Mortgage delinquency rate has risen

Early summer increase is typical, though more pronounced this year

August 15, 2013

The June Mortgage Monitor report released earlier this month by Jacksonville, Fla.-based Lender Processing Services found a nearly 10 percent spike in the national delinquency rate in a month-to-month comparison.

The company's mortgage performance report showed about 700,000 newly 30-day delinquent loans in June. Overall, the U.S. loan delinquency rate was 6.7 percent that month.

However, LPS Applied Analytics Senior Vice President Herb Blecher says the spike—while large—should be seen in the proper context.

"June's increase in delinquencies is representative of a documented seasonal phenomenon," Blecher says. "Over the last 18 years, similar changes occurred in June for all but four of those years. And this month's increase was felt across all 50 states—from a roughly 14 percent month-over-month rise in 30-day delinquencies in Nevada to a nearly 32 percent upswing in Colorado."

States with the highest noncurrent loan rates were Florida, Mississippi, New Jersey, New York, and Maine.
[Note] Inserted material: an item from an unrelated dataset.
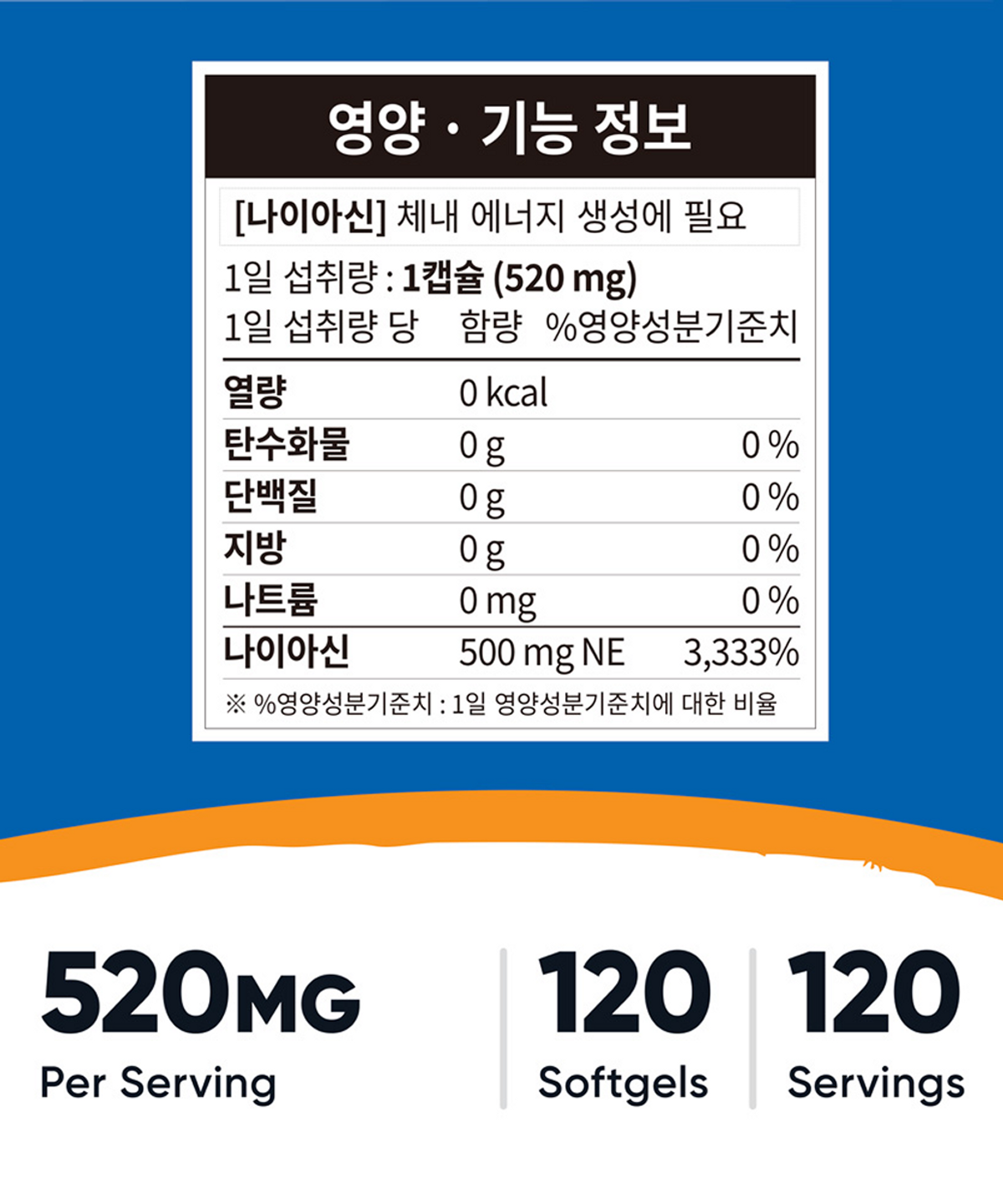 뉴트리코스트(NUTRICOST) 나이아신아마이드 500MG 캡슐 120정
The lowest such rates were found in Montana, Wyoming, Alaska, South Dakota, and North Dakota.

The company examined the data to see the effect of recent increases in interest rates on delinquency rates and found no significant impact thus far. Adjustable-rate mortgages, which one would expect to be impacted most by such interest rate changes, actually saw delinquency rates rise at a lower relative rate than those of fixed-rate mortgages.

"Of course, focusing solely on month-to-month shifts in mortgage performance can be like tracking the stock market on a daily basis," Blecher says. "You may see periodic spikes and dips, but without a longer-term perspective, you lack a clear picture of how the market is actually performing."

June's 9.9 percent spike was significant—and a reversal of five consecutive months of declines—on a quarterly basis and higher than the historical average. Since 1995, delinquency rates have risen from the first quarter to the second quarter in all but two years, with an average 7 percent increase. By comparison, the 2013 increase in the second quarter, compared with the first, was just 1.3 percent, Blecher says.

Looking further into the impact of mortgage interest rate changes, LPS re-examined the pool of potential refinanceable mortgages and found that, despite improved equity situations nationwide, fewer loans have refinanceable characteristics at the new rates, as many loans currently have a lower interest rate.

Approximately 12 percent of active loans, about 5.9 million, fit broad-based refinanceable criteria, down from 8.9 million in March of 2013 when rates were at historic lows. Still, while prepayment rates—historically a good indicator of refinance activity—had declined 12 percent in June in the face of rising interest rates, they were higher than when interest rates were last at this point back in 2011.

LPS manages a repository of loan-level residential mortgage data and performance information on nearly 40 million loans across the spectrum of credit products. The company's research experts analyze this data to produce a summary supplemented by dozens of charts and graphs that reflect trend and point-in-time observations for LPS' monthly Mortgage Monitor Report.

A Fortune 1000 company, LPS employs about 7,500 people.